Reputation: 239
I am looking for a clean way to tackle the following problem: I want to filter a dataframe to only contain rows that have at least one value filled in for a pre-defined list of column names.
What I do not want to do is list all the conditions separately as so:
df.where(col('col1').isNotNull() | col('col2').isNotNull() | ...)
This approach is not feasible because the list of column names could get quite large and might change often.
The solution I have now is to compose the condition in a separate function:
def compose_condition(col_names):
condition = False
for col_name in col_names:
condition = condition | col(col_name).isNotNull()
return condition
And then use the result of this function as the filter condition:
my_col_names = ['col1', 'col2', 'col3']
df.where(compose_condition(my_col_names))

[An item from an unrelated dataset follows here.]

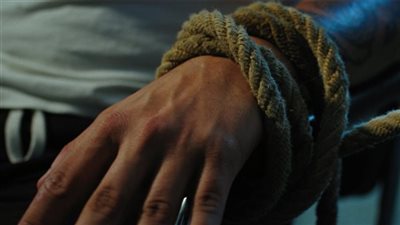 سرق كابلات كهربائية.. القبض على 3 أشخاص لاحتجازهم خفيرا والتعدي عليه بكرباج بالقطامية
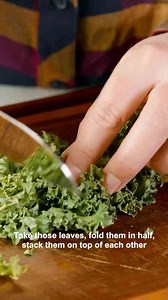 How to make a healthy kale salad with citrus vinaigrette | Easy & delicious recipe!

Are there any alternatives to my solution?
Upvotes: 1
Views: 1677
Reputation: 32640
You can also use python functools.reduce
to reduce the list of column names into filter condition:
from functools import reduce
from pyspark.sql.functions import col
df.where(reduce(lambda a, b: a.isNotNull() | b.isNotNull(), map(col, my_col_names)))
Upvotes: 2
Reputation: 42332
You can use dropna
and specify how='all'
to remove rows if all columns in the specified subset are null:
df2 = df.dropna(how='all', subset=my_col_names)
Upvotes: 1